While probability theory is normally applied to external environments, there has been some recent interest in probabilistic modeling of the outputs of computations that are too expensive to run. Since mathematical logic is a powerful tool for reasoning about computer programs, we consider this problem from the perspective of integrating probability and logic. Recent work on assigning probabilities to mathematical statements has used the concept of coherent distributions, which satisfy logical constraints such as the probability of a sentence and its negation summing to one. Although there are algorithms which converge to a coherent probability distribution in the limit, this yields only weak guarantees about finite approximations of these distributions. In our setting, this is a significant limitation: Coherent distributions assign probability one to all statements provable in a specific logical theory, such as Peano Arithmetic, which can prove what the output of any terminating computation is; thus, a coherent distribution must assign probability one to the output of any terminating computation. To model uncertainty about computations, we propose to work with approximations to coherent distributions. We introduce uniform coherence, a strengthening of coherence that provides appropriate constraints on finite approximations, and propose an algorithm which satisfies this criterion.

I am not sure how your example of desired probabilistic properties of a given "large" and "complicated" number relates with deductive closure. However, it seems that such an example may have to do with attempts to define a notion of randomness of a given, specific (in the simplest case, binary) sequence, and then say something about "probabilistic properties" of such a sequence. If so, relevant may be the survey paper "ALGORITHMS AND RANDOMNESS" by A. N. KOLMOGOROV AND V. A. USPENSKII in THEORY PROBAB. APPL., Vol. 32, No. 3, pp. 389--412.

Let $\Omega:=\{0,1\}^{\mathbb N}$, the set of all binary sequences. A notion of a computable (probability) distribution $P$ on $\Omega$ is defined there. Then the notion of a binary sequence which is random relative to a given computable distribution is defined, in two equivalent ways. See page 399 in the mentioned paper. For a finite binary sequence $x=a_0, a_1,\cdots,a_n$, let $\pi(x; P)$ denote the conditional probability $P(\Gamma_{x,1})/P(\Gamma_x)$ relative to $P$ of $x$ being followed by $1$, where $\Gamma_x$ is the set of all binary sequences in $\Omega$ beginning with $x$ and $\Gamma_{x,1}$ is the set of all binary sequences in $\Omega$ beginning with $x,1=a_0, a_1,\cdots,a_n,1$.

Then at the top of page 400:

Here is a precise statement of Vovk’s theorem: Let $P'$ and $P''$ be arbitrary computable distributions on $\Omega$ and let $a_0,a_1,\cdots$ be a random sequence relative to $P'$ and $P''$ simultaneously.

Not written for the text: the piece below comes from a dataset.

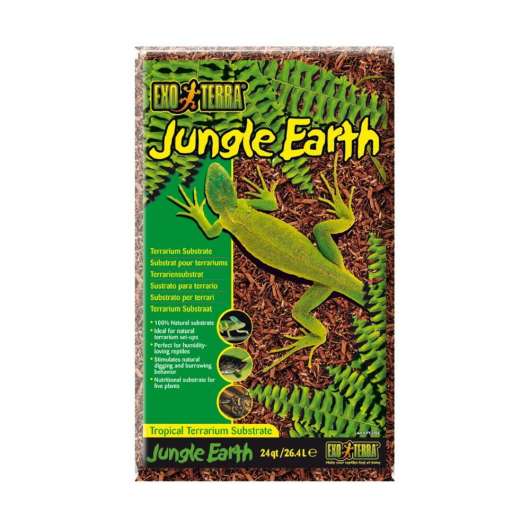 Exo Terra Jungle Earth Bottensubstrat 26,4 Liter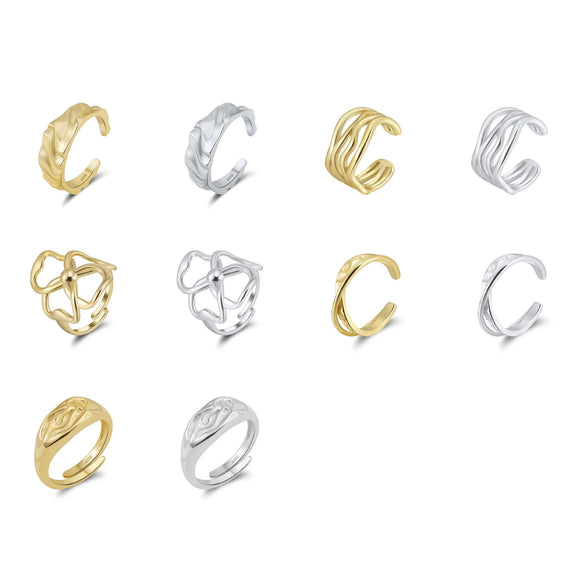 Wholesale 925 Sterling Silver Minimalist Geometric Jewelry With Electroplating For Women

Then $\pi(a_0, a_1,\cdots,a_n; P')-\pi(a_0,a_1,\cdots,a_n; P'')\to0$ as $n\to\infty$. Thus $\pi(x; P')$ and $\pi(x; P'')$ are close to one another whenever the chain $x=a_0,a_1,\cdots,a_n$ is long and we are entitled to speak about the conditional probability of occurrence of a one after a specified beginning segment of zeros and ones -- the entire sequence viewed as a whole is random relative to some distribution (unknown to us!).

Until now, we have spoken only about the randomness of binary sequences. However the above algorithmic approach can be applied also to more general situations.

You might like Les Valiant's book "Probably Approximately Correct" which is an approach to explaining human knowledge that's also a busy topic in machine learning. It goes beyond lack of deductive closure to seeing how learning happens without much deduction at all. There's a related Wikipedia article: PAC learning.

If you model a human brain as a stochastic reasoning device, you can posit uncertainty as to whether the mechanism of the brain has, at some point in time, reached some logical conclusion and stored it for easy access. A device that must expend time/space to enumerate the deductive closure of its current knowledge base would at no finite time be deductively closed in a rich enough system. All this can be formalized within probability, although it requires some uncertainty about the reasoning device---whether that's inherent stochasticity or uncertainty about its initial configuration, say.